# Trip to Petsmart



## Pattycakes (Sep 8, 2010)

Last night I took Uschi to Petsmart for the first time in a very long, long time. The last time I took her there, she was very little and it was all so overwhelming for her. But she did so well this time. I was so proud of her. After I walked her around in there, I worked on her sit/stay and down/stays for a bit. She was great. I think she was a little nervous, but she kept her head on straight. 
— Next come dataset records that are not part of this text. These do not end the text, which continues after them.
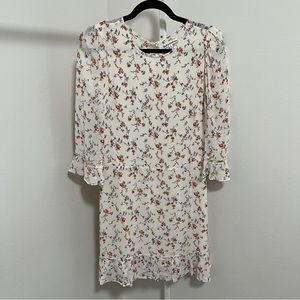 Reformation Doutzen Mini Dress White with Blue Floral 8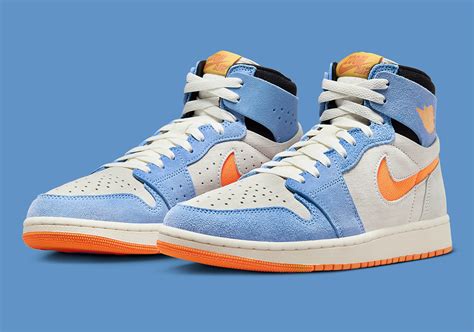 Air Jordan 1 Zoom CMFT 2 "Blue/Orange" DV1307-184 Release | SneakerNews.com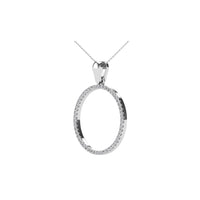 Thumbnail for 10K White Gold 1/6 Ct.Tw. Diamond Circle Pendant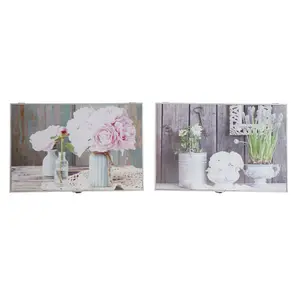 Armario de llaves DKD Home Decor MDF 46,5x6x31,5 cm (x2) image-0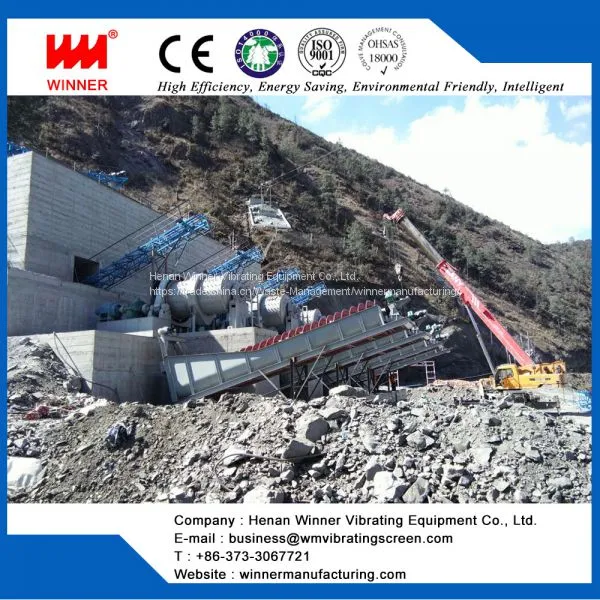 Aggregate and sand making production line from China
Afterwards we walked outside in the parking lot and on the sidewalk and again worked on her sit/stays and down/stays. Again, she did very well. So I will be taking her back there again.


----------



## Lilie (Feb 3, 2010)

Good girl Uschi!


----------



## KZoppa (Aug 14, 2010)

good job!!!


----------



## webzpinner (Mar 7, 2011)

treat her to a relaxing 10 minutes of fish watching. Jake LOVES that. Whatever you do, tho, don't let her see the rodents or ferrets... talk about prey overdrive!!!!!!


----------



## KZoppa (Aug 14, 2010)

webzpinner said:


> treat her to a relaxing 10 minutes of fish watching. Jake LOVES that. Whatever you do, tho, don't let her see the rodents or ferrets... talk about prey overdrive!!!!!!


 
lol Shasta just tries to sniff at them and follow them around in their cages. Realizes they really arent that much fun and loses interest.


----------



## doggiedad (Dec 2, 2007)

work on training and socializing everywhere. work on
it several times a day. you can train and socialize anywhere
anytime. glad your dog did well in Petsmart.


----------